El Papa punk

Enseñanzas de Ratzinger desde la biblioteca del Fontán

Pablo Luis Álvarez

Pablo Luis Álvarez

Dos veces hubo que me vi con veintipocos de vuelta en Oviedo en casa de mi madre sin rumbo y midiendo arena. Si la primera fue un regreso de Madrid que no supe ver venir, la segunda pensé que iba a ser una especie de descanso estival-valleinclanesco en el que me dedicaría a escribir una tesina sobre George Eliot y a no pegar sello en la playa para luego volverme a Londres. Al final, hubo más playa que literatura y el precio resultó ser que no me fui a ningún sitio. Aquel año varado en mi ciudad me sirvió para obligarme a leer aquellos textos que nunca había tenido tiempo de estudiar y de los que pensaba que tenía que tener noción. En el diseño de este programa de estudios de soledad participaron muchos elementos: parte importantísima fueron las estanterías de la biblioteca del Fontán, a la que me gustaba mucho ir y donde a veces el encuentro fortuito con un libro inesperado me hacía tomarlo y leerlo. Y un buen día, a la vista del usuario, esto: "Curso de Teología Dogmática", de Johann Auer y Joseph Ratzinger– ¡ay, omaíta!–. Nosecuantos tomos, título pepino y sobrecubierta chula, ¿quién se iba a resistir?

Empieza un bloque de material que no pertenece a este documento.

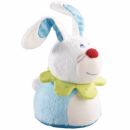 Игрушка мягконабивная "Кролик" с вибрирующим элементом Haba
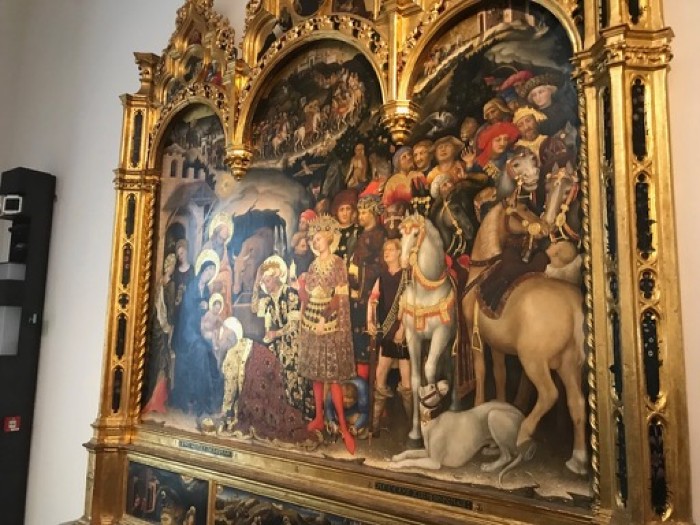 Lots of Religious Art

Decir que los leí todos sería de un bochorno intelectual terrible; probablemente leí medio. Pero lo que aprendí de Ratzinger, entonces ya Benedicto XVI, me ha acompañado siempre (y me ha servido para citarlo de vez en cuando en el foro equivocado y totalmente adrede para tocar algún cojón). Ahora que acaba de morir, rescato uno de los rudimentos que en su momento tomé de él y que todavía hoy utilizo como parte de mi oficio porque, aunque se trataba de una respuesta que un erudito ofrecía a una pregunta teológica, guardaba un fundamento clave de la teoría literaria que puede tener un interés de rabiosa actualidad –llegaremos a esto enseguida–. Aquel Ratzinger profesor universitario se preguntaba por qué eran cuatro los evangelios canónicos y no uno o dieciocho. A mí en particular esta cuestión ni me ocupaba entonces ni ahora, pero aquel hombre dedicado al análisis del texto (de un cierto tipo de texto, sí, y con unos utensilios muy concretos) se daba una respuesta que exudaba puritita deconstrucción: que la combinación de aquellos cuatro relatos de la vida de Jesús nos daba un número infinito de aristas y facetas sobre sus enseñanzas y que, por esto mismo, estas nunca se agotaban. En resumen, que la hermenéutica nunca acaba, que ningún texto es capaz de desecar el pantano de sus interpretaciones. Si esto no fuese así no existiría ni filología ni tampoco jurisprudencia. Ni el Ulises de Joyce puede prever dónde deben acabar los textos críticos que lo examinan, y con los que forma una gran conversación (a menudo bizantina), ni tampoco puede nuestra Constitución conocer dónde tiene el cerrojo la historia de sus interpretaciones. Que la interpretación de los textos no termine nunca, como bien sabía Ratzinger, no significa que cualquier decir sobre un texto valga –ni todos los decires son críticos y fundados ni todas las críticas están bien construidas–, pero la gran flipada ya me parece el que estén los tertulianos de media España tocándose las ropas porque la nueva magistrada del Constitucional, María Luisa Segoviano, sostenga sin perplejidad que nuestra Carta Magna –a fin de cuentas, otro puto texto en el archivo infinito de las cosas escritas– admita interpretaciones disidentes. A ver si va a resultar que se nos ha muerto un Papa punk.